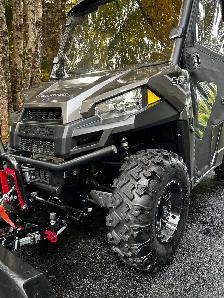 2021 Polaris Ranger 570 EFI – Showroom Condition – Only 1,422 km - Photo 2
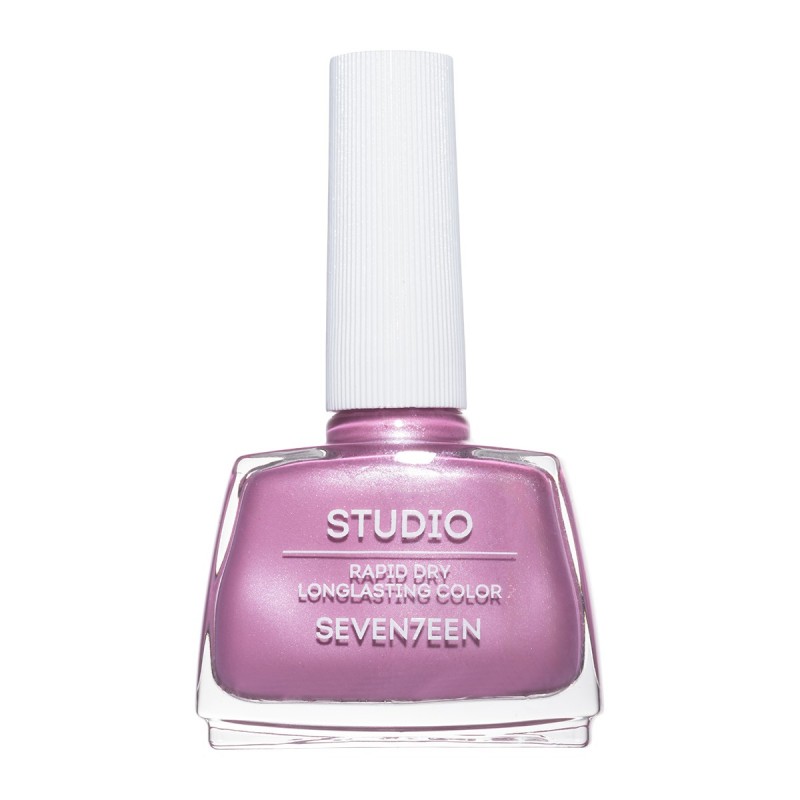 SEVENTEEN STUDIO RAPID DRY LONGLASTING COLOR NAIL N.256 12ML
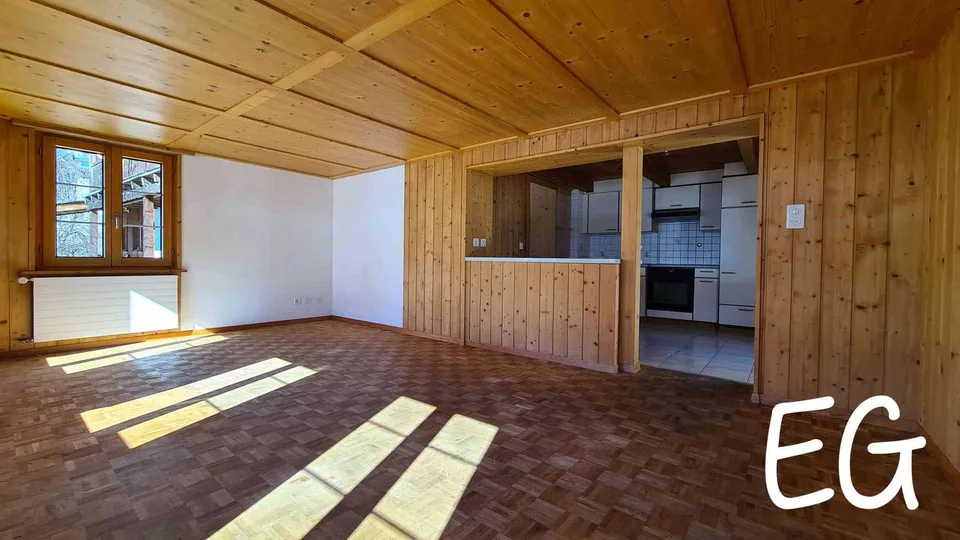 4.5 Zimmer Haus mit Umschwung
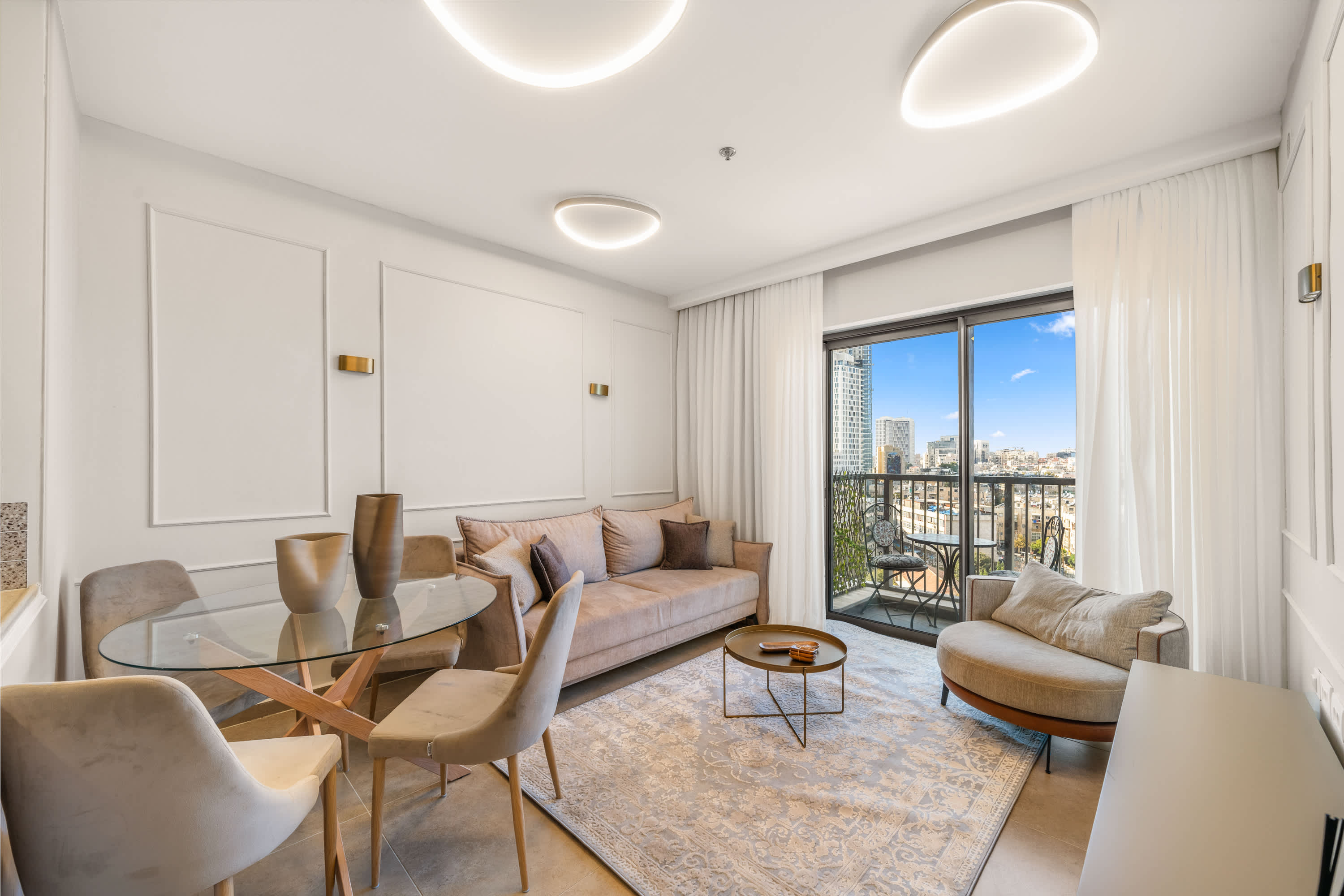 Panoramic Views 1 Bedroom, Savyon View Tower Unit SW68 – Jerusalem City Center photo 8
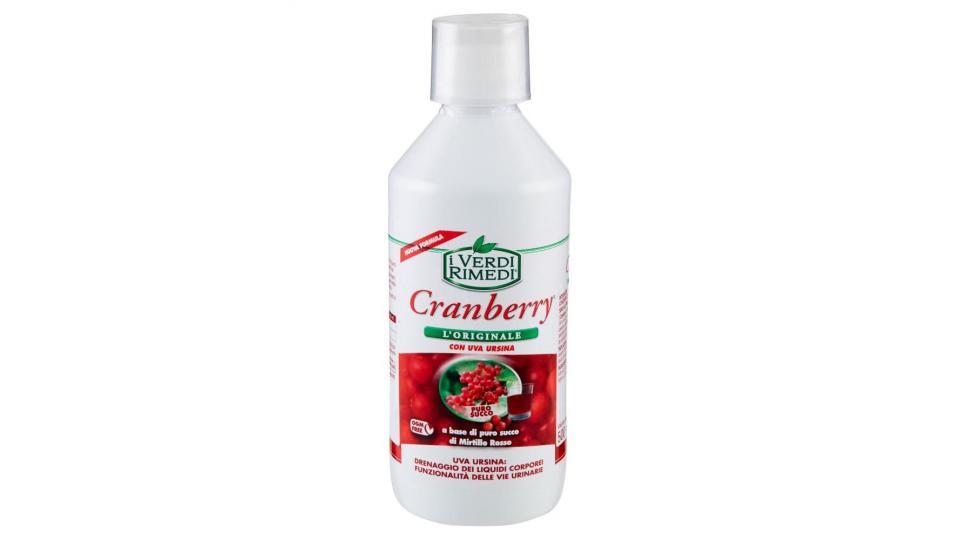 I Verdi Rimedi Cranberry L'originale Con Uva Ursina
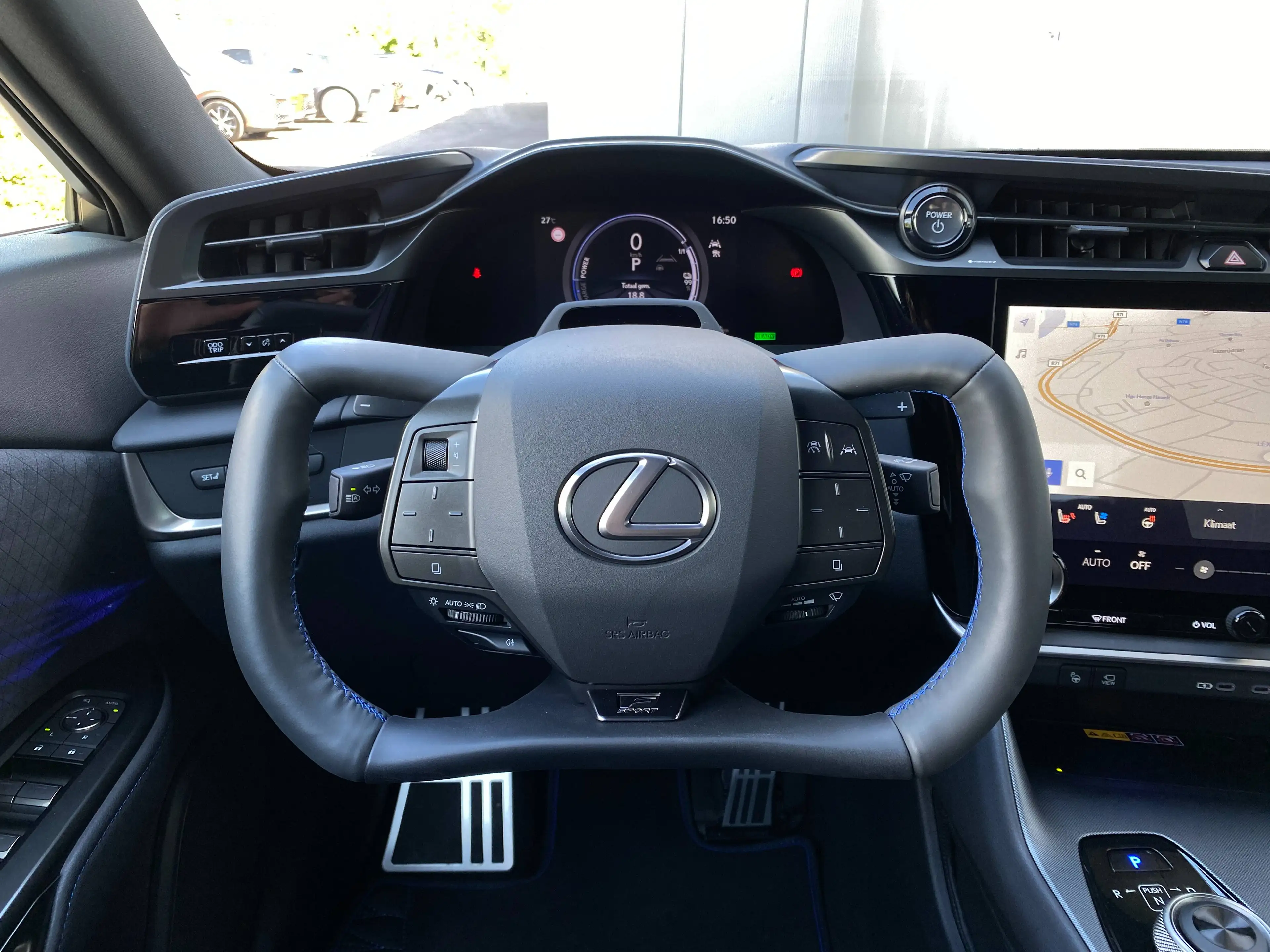 Lexus RZ RZ 550e 77 kWh AWD F Sport Line F Sport Line — photo 13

(Task item):
Pictures are to be excluded; all other material must be transcribed exactly.

(Worked solution):
 2021 Polaris Ranger 570 EFI – Showroom Condition – Only 1,422 km - Photo 2
 SEVENTEEN STUDIO RAPID DRY LONGLASTING COLOR NAIL N.256 12ML
 4.5 Zimmer Haus mit Umschwung
 Panoramic Views 1 Bedroom, Savyon View Tower Unit SW68 – Jerusalem City Center photo 8
 I Verdi Rimedi Cranberry L'originale Con Uva Ursina
 Lexus RZ RZ 550e 77 kWh AWD F Sport Line F Sport Line — photo 13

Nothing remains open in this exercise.